Lennar (Rialto) acquired indirectly 40% managing member interests in the limited liability companies created to hold the loans for approximately $243 million (net of working capital and transaction costs), including up to $5 million to be contributed by the Rialto management team. The FDIC is retaining the remaining 60% equity interest and is providing $627 million of non-recourse financing at 0% interest for 7 years.
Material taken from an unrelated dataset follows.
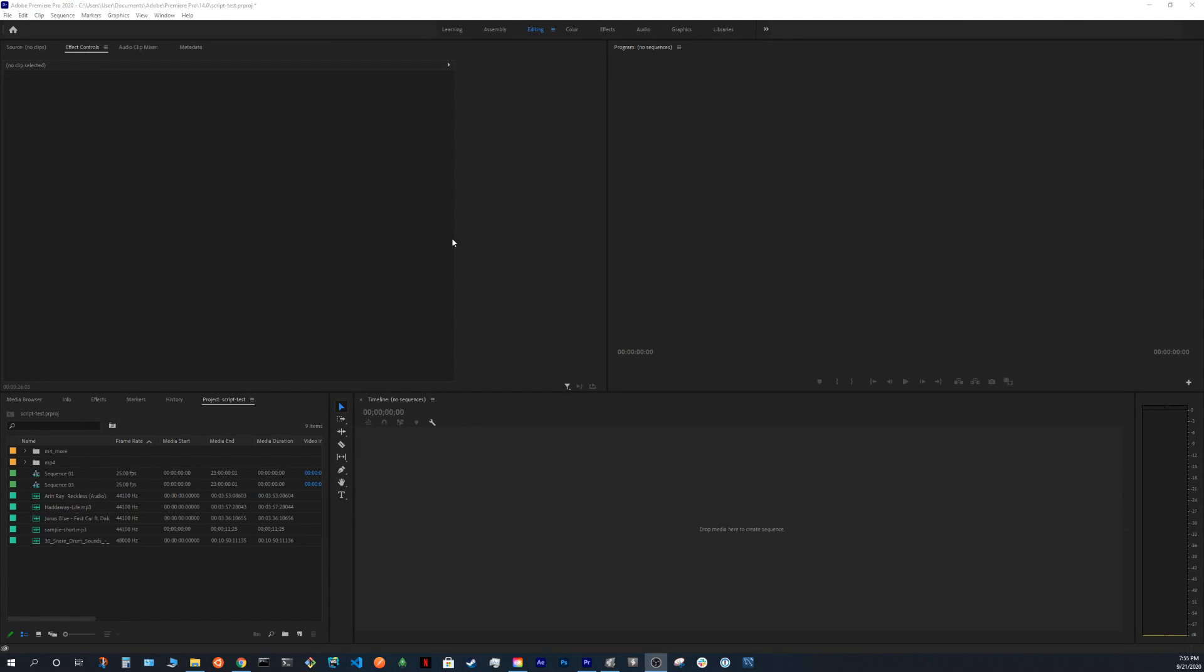Hey everyone, this is a quick tutorial on how to use automated video editing for Premiere Pro.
The transactions include approximately 5,500 distressed residential and commercial real estate loans from 22 failed bank receiverships.

Attorney Bryan Knight, in 2011, called the Private-Public Investment Programs (“PPIP’s”), such as Lennar/Rialto “ the biggest waste of government spending and most damaging program to the American public.”

Knight wrote:

Rialto was given a $600 Million interest free non recourse loan by the Federal Government to purchase assets of failed banks. Therefore, Rialto has no risk in collecting on assets because no interest is accruing and Rialto is not liable to pay back the loan since the loan is a non-recourse. This gives Rialto even more incentive to refuse loan workouts and to collect asset management fees. It is not rocket science, a bank that has risk of taking a loss is more likely to work with a borrower. Here Rialto has no risk.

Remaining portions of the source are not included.